- **WHAT YOU HAVE TO DO**:
The required result is each line of the entries below containing the string "بشرط".

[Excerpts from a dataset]
[Start of section]

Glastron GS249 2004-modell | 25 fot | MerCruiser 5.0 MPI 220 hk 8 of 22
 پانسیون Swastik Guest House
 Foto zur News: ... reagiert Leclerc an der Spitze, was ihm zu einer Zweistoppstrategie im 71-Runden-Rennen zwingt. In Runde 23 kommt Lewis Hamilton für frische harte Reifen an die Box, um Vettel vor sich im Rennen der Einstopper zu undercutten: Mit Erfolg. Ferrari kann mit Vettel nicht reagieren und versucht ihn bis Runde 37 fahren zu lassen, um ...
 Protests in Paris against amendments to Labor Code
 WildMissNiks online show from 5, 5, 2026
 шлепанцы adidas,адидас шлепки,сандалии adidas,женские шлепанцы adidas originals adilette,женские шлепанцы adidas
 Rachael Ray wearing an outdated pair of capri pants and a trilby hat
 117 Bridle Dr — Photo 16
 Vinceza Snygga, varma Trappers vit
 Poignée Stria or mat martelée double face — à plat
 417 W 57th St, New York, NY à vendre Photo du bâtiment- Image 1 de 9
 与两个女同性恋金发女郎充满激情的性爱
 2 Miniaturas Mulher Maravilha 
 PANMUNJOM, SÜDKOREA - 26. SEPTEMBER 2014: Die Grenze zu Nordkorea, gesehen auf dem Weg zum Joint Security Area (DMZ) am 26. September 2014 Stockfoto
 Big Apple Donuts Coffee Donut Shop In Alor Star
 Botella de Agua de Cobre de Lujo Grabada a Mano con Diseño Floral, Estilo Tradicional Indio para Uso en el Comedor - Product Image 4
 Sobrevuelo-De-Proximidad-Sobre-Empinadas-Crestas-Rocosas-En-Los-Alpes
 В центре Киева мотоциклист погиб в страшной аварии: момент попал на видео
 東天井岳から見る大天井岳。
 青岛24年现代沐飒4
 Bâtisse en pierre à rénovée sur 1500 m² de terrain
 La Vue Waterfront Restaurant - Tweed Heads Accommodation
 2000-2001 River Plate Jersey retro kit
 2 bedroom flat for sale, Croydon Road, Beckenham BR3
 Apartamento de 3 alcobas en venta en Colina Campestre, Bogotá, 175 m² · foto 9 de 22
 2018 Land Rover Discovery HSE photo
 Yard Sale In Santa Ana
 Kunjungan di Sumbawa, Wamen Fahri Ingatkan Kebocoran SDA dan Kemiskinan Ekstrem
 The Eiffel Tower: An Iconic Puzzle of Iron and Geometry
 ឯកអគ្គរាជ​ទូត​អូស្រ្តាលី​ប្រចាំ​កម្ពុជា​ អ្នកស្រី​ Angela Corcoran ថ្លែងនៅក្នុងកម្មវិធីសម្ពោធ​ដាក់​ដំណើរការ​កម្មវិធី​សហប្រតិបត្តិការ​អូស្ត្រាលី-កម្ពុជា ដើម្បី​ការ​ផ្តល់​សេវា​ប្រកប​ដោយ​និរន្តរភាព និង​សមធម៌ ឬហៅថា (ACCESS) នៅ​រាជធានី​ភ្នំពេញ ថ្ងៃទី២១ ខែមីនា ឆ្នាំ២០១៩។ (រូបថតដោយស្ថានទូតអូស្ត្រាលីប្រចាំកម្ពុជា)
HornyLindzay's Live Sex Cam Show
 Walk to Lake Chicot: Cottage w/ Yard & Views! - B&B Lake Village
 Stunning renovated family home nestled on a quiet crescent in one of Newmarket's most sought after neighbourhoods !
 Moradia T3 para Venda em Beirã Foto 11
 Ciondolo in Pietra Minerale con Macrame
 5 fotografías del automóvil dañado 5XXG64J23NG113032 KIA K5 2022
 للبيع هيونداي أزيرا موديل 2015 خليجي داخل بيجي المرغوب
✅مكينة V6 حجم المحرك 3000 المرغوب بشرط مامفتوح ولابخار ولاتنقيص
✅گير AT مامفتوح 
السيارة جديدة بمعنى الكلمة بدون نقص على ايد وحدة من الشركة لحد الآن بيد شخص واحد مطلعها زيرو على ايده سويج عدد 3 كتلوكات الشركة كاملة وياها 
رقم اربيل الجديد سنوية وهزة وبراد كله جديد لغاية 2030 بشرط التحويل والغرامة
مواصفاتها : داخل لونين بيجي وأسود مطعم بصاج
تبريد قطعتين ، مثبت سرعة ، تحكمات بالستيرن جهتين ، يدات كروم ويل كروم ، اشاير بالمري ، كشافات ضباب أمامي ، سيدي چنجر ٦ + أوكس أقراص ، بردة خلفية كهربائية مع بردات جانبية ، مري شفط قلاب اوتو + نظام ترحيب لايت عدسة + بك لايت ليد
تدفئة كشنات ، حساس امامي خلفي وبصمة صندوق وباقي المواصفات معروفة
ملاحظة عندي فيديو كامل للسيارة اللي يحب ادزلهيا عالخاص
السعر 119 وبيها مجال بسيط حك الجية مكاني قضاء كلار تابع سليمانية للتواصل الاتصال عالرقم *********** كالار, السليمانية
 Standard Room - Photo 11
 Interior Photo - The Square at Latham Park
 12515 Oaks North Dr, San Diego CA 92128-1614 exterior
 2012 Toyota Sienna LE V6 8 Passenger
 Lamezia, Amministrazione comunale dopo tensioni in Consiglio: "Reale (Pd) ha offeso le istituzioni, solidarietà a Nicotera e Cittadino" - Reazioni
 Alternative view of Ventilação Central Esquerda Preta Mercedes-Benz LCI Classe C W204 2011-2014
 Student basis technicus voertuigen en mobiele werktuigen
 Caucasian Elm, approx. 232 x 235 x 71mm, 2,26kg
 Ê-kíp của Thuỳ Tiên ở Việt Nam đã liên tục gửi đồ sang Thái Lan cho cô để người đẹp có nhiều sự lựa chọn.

[End of section]

- **OUTPUT**:
✅مكينة V6 حجم المحرك 3000 المرغوب بشرط مامفتوح ولابخار ولاتنقيص
رقم اربيل الجديد سنوية وهزة وبراد كله جديد لغاية 2030 بشرط التحويل والغرامة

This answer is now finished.